Dusan Petković: PGE Skra ma wspaniałych fanów
- Jestem pewny, że w minionym sezonie PGE Skra zagrałaby dużo lepiej przy udziale kibiców - mówi Dusan Petković, który żegna się z klubem po dwóch latach gry w Bełchatowie.
Jak podsumujesz dwa lata spędzone w PGE Skrze?
Dusan Petković: Te dwa lata były bardzo ciężkie dla wszystkich sportowców na całym świecie, oczywiście z powodu choroby COVID-19. Szczególnie trudny był ostatni sezon, kiedy graliśmy bez kibiców.
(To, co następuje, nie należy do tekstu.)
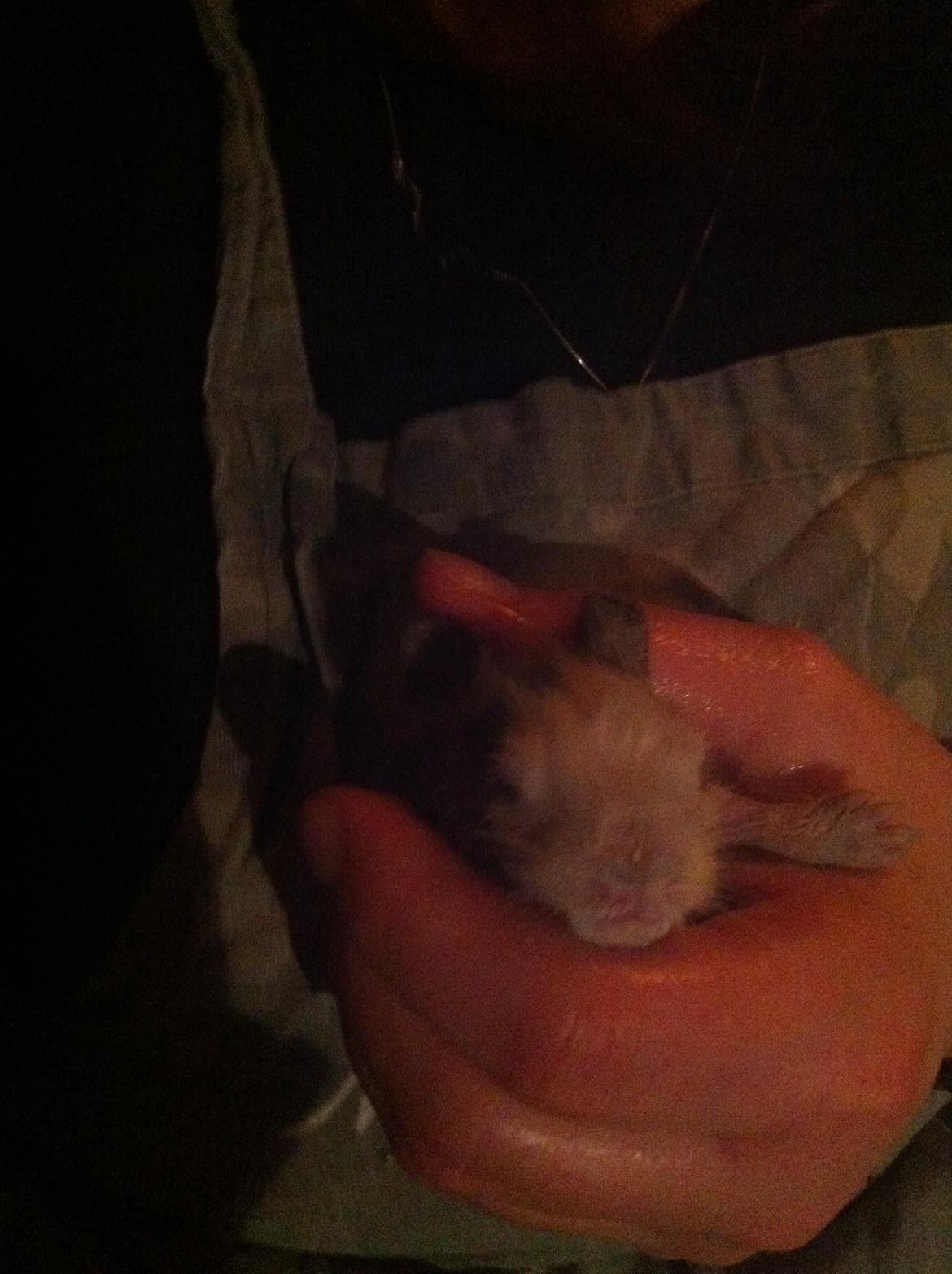 Kanin Salto (R.I.P) billede 4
Czuliśmy taką pustkę w pewnym momencie, bo czegoś nam brakowało. Ale oczywiście z Bełchatowa zapamiętam też dobre chwile, więc podsumowując - te dwa lata były dobre.
To były twoje pierwsze sezony w PlusLidze...
Raczej nic mnie nie zaskoczyło. Wszystkiego się spodziewałem, tym bardziej, że znałem wszystkie drużyny, zawodników, więc tak to wyglądało.
Jak wyglądał zespół przez te dwa lata?
Mieliśmy dobrą ekipę, zarówno podczas mojego pierwszego, jak i drugiego sezonu w Bełchatowie. Mam jednak odczucie, że mogliśmy osiągnąć coś więcej. Od wielu lat śledzę poczynania PGE Skry i wiem, że cele i ambicje zawsze sięgają mistrzostwa. Myślę, że przez te dwa lata mieliśmy drużyny na mistrzostwo Polski, ale niestety czegoś zabrakło...
W PGE Skrze wywalczyłeś trzecie i czwarte miejsce w PlusLidze...
Moją ambicją po przyjściu do PGE Skry z Włoch, oczywiście było mistrzostwo Polski. Dałem swoje sto procent dla drużyny, by to osiągnąć, ale niestety czasami to nie wystarczy.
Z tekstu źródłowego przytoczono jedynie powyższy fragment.